# Things heating up in TC



## ItsAWastelandBaby (Aug 24, 2020)

Could use some help with some squatting type activism in the cities. new scene starting up, hmu if you're interested in a city with a new radical activist scene starting up


----------



## Matt Derrick (Aug 26, 2020)

you might want to explain what TC is.


----------



## ItsAWastelandBaby (Aug 28, 2020)

Matt Derrick said:


> you might want to explain what TC is.


Twin cities


----------



## Matt Derrick (Aug 29, 2020)

Sorry, not trying to nag, just trying to help. There are actually a LOT of places in the USA referred to as the 'twin cities'.

So, you know, when you're posting on a forum involving travel, it pays to be specific.

Additionally, using thread titles that are not abbreviations (i.e. writing out TC) will help others both more easily understand what you are saying, and help your thread show up on Google Search and things like that.

So, by not doing those things, you're kind of shooting yourself in the foot.


----------



## Deleted member 23824 (Aug 29, 2020)

I once heard of Minnesota.
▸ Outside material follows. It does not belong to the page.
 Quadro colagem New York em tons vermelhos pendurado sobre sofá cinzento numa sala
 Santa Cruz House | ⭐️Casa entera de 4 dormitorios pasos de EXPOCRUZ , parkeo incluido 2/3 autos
It’s up against the Maritime provinces, eh?

I try not to use acronyms and abbreviations much . Besides showing, in my opinion, laziness, it is really insider language., and that is to be discouraged.


----------



## ItsAWastelandBaby (Sep 1, 2020)

Apologies for being a bit paranoid when I know for a fact me and my people are being monitored and put on lists by cops. I really dont want anything up on google search


----------



## Matt Derrick (Sep 1, 2020)

ItsAWastelandBaby said:


> Apologies for being a bit paranoid when I know for a fact me and my people are being monitored and put on lists by cops. I really dont want anything up on google search



nothing in your post is related to that at all, and adding a city isn't going to expose you. if you're that concerned with opsec you shouldn't be posting in a public forum.

again, im not trying to get on your case here, i'm just pointing out some flawed logic.


----------